*DATA EXCERPTS*.
---+---
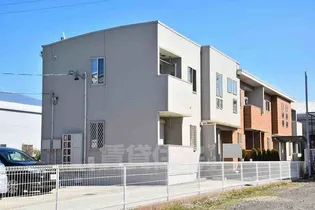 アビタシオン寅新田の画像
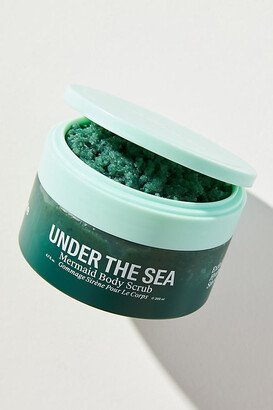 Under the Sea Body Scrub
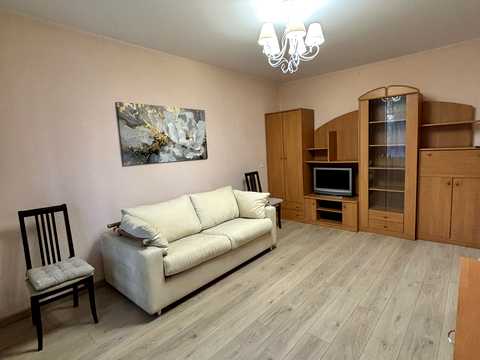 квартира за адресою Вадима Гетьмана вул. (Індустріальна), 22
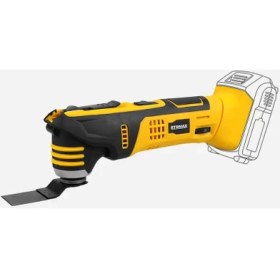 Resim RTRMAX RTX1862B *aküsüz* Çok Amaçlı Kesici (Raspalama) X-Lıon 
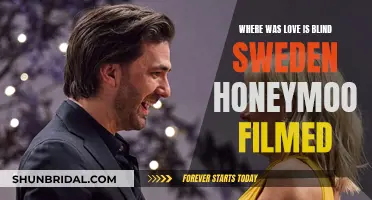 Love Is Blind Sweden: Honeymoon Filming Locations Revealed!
---+---
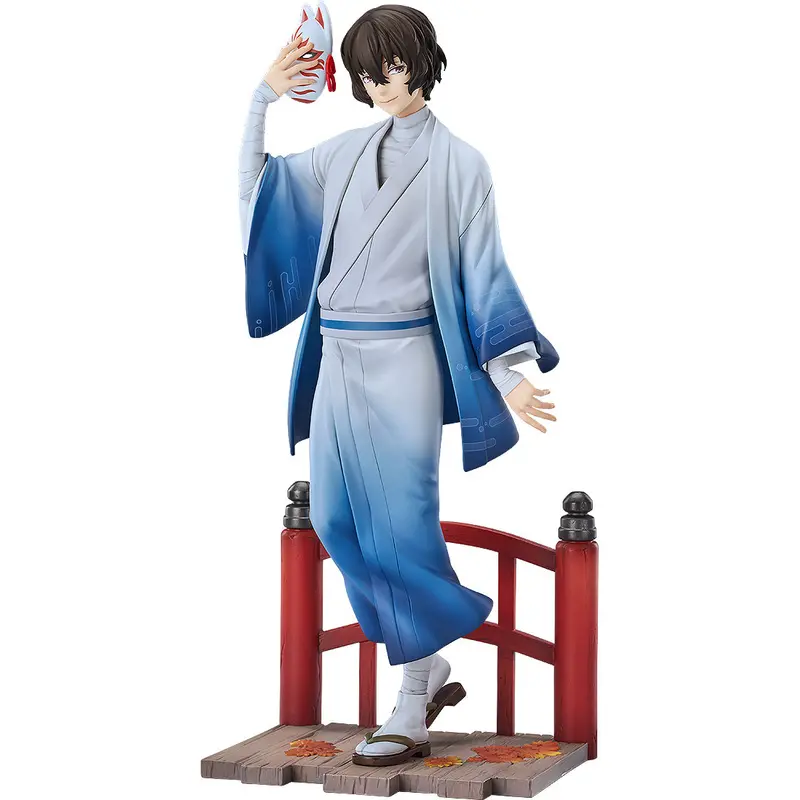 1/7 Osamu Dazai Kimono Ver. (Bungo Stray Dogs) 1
---+---
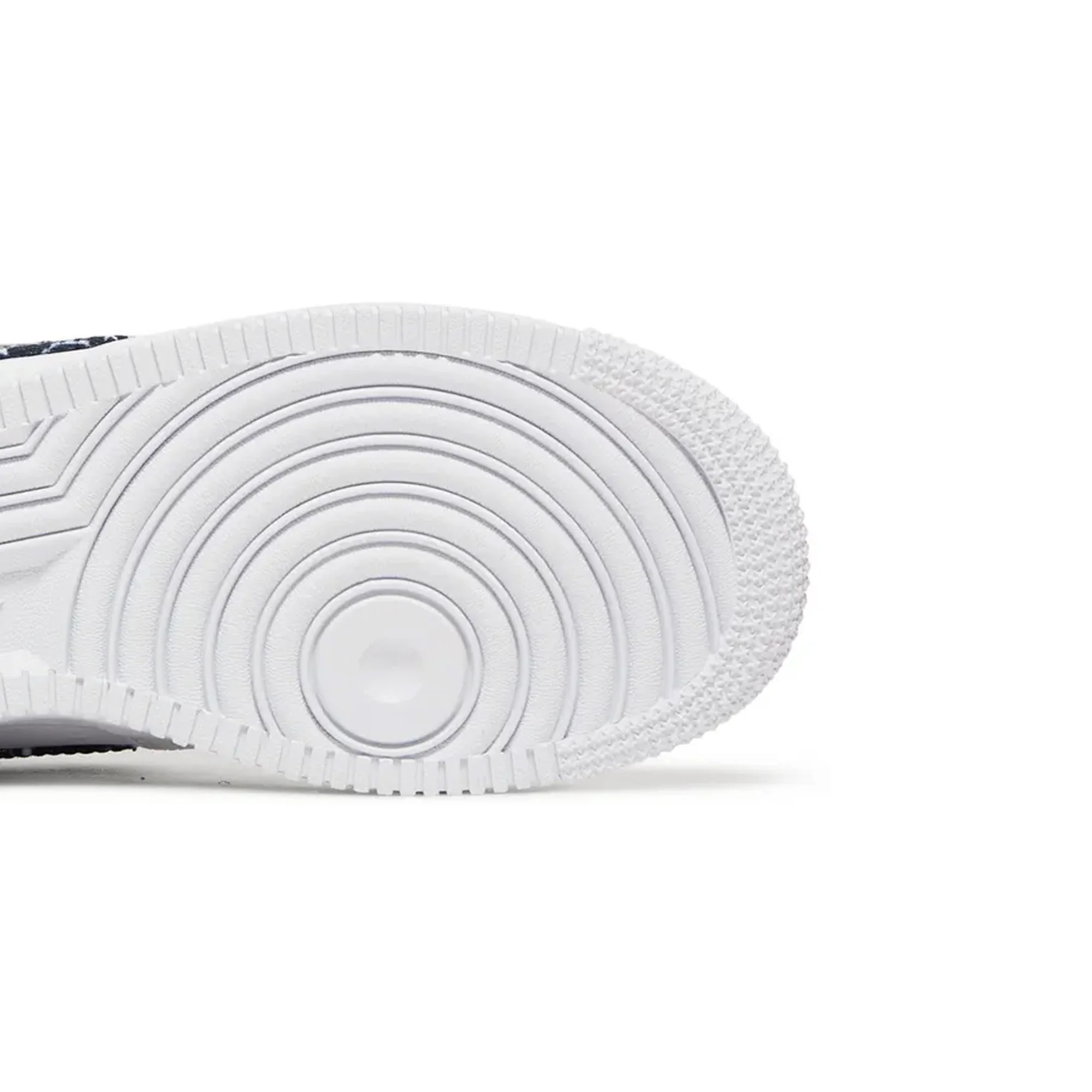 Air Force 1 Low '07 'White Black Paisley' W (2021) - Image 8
---+---
*WHAT YOU NEED TO DO*. Find the line with "アビタシオン寅新田の画像" and the line with "Love Is Blind" in the records above. Copy both and all lines between them exactly, without pictures.

*REPLY*.
 アビタシオン寅新田の画像
 Under the Sea Body Scrub
 квартира за адресою Вадима Гетьмана вул. (Індустріальна), 22
 Resim RTRMAX RTX1862B *aküsüz* Çok Amaçlı Kesici (Raspalama) X-Lıon 
 Love Is Blind Sweden: Honeymoon Filming Locations Revealed!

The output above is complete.